Recent cutbacks in the world’s largest news operations can perhaps be better understood when viewing how the audience for news has radically changed in the past five years.

Today’s news junkie is likely to scan the headlines on an iPhone in the morning, check a handful of Web sites during the day and click on links that friends have e-mailed or posted on Facebook or Twitter. Now, more people get their news from the Internet than from newspapers or radio.

It’s a changed world, with only television news still leading the Internet in news distribution. But even television news is down to about of 25 percent of the total audience. Video news is quickly moving to the Internet, and the audience for the television medium itself is shrinking.

A new report by the Pew Internet & American Life Project examines how people consume news. Ninety-nine percent of American adults get news each day, but they are getting it from an increasingly wider variety of sources and in many different forms.

Pew said the Internet now outranks print newspapers and radio in popularity as a source of news. Sixty-one percent of Americans said they read news online, while 54 percent said they listen to news on the radio, 50 percent read a local newspaper and just 17 percent read a national newspaper. One-third of mobile telephone owners read the news on their phones.

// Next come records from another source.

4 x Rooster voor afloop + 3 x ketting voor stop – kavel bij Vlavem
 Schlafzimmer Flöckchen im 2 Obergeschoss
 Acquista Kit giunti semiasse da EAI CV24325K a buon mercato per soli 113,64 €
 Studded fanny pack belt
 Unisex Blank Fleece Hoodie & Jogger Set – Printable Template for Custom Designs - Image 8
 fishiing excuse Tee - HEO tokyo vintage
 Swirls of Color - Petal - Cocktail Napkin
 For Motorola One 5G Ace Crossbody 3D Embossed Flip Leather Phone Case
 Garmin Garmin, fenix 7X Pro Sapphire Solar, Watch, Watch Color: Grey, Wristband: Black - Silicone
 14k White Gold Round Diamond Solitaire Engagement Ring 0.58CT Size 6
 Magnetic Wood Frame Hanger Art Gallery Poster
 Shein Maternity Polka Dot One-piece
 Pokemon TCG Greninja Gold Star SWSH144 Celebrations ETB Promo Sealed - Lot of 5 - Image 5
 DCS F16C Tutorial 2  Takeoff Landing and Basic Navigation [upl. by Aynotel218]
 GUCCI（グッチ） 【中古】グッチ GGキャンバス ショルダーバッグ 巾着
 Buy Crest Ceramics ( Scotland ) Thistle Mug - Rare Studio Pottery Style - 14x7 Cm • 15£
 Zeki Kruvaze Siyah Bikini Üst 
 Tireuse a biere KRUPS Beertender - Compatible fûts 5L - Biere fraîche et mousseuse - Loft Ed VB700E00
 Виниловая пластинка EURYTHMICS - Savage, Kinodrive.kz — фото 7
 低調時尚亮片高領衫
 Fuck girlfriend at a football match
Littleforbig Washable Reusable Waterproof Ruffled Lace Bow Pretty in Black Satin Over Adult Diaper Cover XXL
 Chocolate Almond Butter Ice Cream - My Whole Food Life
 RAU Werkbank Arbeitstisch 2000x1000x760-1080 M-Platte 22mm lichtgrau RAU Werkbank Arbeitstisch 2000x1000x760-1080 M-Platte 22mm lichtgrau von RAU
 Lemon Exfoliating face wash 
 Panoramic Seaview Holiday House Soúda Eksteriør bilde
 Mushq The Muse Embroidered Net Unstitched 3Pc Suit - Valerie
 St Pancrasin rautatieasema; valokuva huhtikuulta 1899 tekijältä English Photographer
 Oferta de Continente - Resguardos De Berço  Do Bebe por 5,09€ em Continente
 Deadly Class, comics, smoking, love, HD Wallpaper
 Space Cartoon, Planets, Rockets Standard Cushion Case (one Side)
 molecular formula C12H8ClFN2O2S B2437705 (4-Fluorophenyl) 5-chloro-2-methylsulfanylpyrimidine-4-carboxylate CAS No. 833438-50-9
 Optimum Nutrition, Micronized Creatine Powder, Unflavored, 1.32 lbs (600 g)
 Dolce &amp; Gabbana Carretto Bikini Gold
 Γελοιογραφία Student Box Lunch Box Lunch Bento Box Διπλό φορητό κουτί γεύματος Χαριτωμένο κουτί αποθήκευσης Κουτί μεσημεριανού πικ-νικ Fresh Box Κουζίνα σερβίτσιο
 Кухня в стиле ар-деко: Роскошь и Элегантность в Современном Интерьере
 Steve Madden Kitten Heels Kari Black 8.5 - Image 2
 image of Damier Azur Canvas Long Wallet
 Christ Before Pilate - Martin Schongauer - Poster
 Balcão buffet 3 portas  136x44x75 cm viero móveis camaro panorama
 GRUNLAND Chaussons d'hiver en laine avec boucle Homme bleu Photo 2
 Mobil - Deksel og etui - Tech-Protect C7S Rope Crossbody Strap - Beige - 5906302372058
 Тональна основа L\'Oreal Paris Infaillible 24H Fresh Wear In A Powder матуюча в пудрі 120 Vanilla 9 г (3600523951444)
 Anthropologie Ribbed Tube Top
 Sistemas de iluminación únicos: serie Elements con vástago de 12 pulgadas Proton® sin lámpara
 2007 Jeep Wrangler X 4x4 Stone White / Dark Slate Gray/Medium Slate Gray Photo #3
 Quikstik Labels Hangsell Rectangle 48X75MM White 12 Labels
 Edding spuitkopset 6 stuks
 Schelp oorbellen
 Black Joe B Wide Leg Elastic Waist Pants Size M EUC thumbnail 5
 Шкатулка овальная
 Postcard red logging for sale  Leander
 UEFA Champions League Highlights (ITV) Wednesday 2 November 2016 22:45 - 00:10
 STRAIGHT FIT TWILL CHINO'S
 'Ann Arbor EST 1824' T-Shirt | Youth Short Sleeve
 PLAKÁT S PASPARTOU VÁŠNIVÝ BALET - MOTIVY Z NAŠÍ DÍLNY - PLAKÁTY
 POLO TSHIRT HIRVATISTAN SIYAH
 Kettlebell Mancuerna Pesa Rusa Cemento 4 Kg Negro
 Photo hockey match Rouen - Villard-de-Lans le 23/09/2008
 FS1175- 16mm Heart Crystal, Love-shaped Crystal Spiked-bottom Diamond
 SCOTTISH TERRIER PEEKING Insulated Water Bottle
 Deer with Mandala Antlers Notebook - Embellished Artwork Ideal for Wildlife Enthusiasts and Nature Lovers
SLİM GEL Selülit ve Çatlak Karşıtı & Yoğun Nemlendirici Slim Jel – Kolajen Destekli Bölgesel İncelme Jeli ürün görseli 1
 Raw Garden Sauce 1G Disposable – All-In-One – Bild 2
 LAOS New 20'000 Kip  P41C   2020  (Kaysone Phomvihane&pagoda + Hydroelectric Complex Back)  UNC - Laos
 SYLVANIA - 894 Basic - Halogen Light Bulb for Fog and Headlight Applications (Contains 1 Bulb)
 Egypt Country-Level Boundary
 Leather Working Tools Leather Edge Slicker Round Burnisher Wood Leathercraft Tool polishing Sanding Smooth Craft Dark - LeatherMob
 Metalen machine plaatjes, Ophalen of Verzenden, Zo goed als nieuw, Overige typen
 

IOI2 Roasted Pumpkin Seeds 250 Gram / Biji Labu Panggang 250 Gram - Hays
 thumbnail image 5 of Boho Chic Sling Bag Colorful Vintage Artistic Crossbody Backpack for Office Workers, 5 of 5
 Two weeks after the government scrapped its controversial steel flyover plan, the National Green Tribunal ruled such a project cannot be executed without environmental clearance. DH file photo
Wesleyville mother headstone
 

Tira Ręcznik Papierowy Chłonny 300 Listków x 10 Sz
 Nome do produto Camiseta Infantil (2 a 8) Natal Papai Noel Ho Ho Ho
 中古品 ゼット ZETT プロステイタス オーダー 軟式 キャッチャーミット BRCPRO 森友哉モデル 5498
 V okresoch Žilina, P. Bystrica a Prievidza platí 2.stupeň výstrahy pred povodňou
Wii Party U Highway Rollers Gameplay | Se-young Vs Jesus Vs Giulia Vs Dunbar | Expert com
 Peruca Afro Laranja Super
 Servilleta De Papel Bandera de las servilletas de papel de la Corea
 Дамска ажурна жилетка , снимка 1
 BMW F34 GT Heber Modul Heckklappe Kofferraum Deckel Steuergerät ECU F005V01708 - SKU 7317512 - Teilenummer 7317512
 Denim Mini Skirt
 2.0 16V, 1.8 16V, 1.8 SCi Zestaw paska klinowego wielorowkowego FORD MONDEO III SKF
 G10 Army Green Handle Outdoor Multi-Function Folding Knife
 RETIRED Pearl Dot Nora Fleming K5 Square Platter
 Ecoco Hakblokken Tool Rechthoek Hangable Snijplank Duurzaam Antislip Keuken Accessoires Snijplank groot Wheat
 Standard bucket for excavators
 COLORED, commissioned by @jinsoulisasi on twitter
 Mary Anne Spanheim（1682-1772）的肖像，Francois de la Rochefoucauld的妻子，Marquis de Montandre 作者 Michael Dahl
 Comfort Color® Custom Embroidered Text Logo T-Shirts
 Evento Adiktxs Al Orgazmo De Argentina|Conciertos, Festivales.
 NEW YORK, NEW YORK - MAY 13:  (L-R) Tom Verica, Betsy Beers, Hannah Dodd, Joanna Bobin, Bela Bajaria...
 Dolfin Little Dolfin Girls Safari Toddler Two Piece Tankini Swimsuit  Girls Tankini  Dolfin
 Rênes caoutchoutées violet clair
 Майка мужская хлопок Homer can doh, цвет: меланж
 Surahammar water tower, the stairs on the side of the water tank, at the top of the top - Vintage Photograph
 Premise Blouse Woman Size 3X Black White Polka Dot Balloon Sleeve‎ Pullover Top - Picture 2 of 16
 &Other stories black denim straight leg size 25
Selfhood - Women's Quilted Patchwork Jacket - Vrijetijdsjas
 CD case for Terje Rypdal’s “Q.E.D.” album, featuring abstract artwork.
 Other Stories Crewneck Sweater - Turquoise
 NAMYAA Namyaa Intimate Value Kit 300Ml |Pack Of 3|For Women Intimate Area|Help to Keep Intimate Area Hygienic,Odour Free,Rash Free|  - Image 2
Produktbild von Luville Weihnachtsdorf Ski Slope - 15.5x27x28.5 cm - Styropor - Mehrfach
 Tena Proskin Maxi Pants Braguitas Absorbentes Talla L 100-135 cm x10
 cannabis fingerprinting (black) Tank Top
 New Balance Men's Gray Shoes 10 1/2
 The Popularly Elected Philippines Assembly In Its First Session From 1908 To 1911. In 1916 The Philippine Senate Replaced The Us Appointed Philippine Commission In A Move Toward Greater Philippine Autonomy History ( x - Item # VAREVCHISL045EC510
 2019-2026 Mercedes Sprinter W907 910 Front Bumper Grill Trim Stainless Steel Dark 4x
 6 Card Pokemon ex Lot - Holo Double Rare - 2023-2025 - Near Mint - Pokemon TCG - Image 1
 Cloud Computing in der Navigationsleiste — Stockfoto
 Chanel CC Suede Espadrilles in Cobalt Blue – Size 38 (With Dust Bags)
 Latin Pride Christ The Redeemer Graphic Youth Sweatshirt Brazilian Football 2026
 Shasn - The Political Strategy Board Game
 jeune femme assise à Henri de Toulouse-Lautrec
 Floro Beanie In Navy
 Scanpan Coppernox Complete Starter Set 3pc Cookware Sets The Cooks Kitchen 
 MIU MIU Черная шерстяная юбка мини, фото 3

Many news startups and existing news organizations have been making a push into local news online. Yet, only half of Internet users told Pew that they read local news on the Web, while three-quarters said they read national news online.

Social media is also having a major effect on news. News consumers have turned to their friends to serve as their editors. Today, conversations about the news are occurring all over the Web. More than 80 percent of people receive or share links in e-mail messages or on social networks. One-quarter discuss the news of the day in the comment sections on Web sites.

About 40 percent of Internet users said it is important to them that news Web sites allow them customize the type of news they get, and 36 percent said they like multimedia features, like graphics and quizzes, which they can manipulate themselves.

Still, news consumers appreciate even more segmentation of the news. Seventy percent of people reported feeling overwhelmed with the endless stream of content.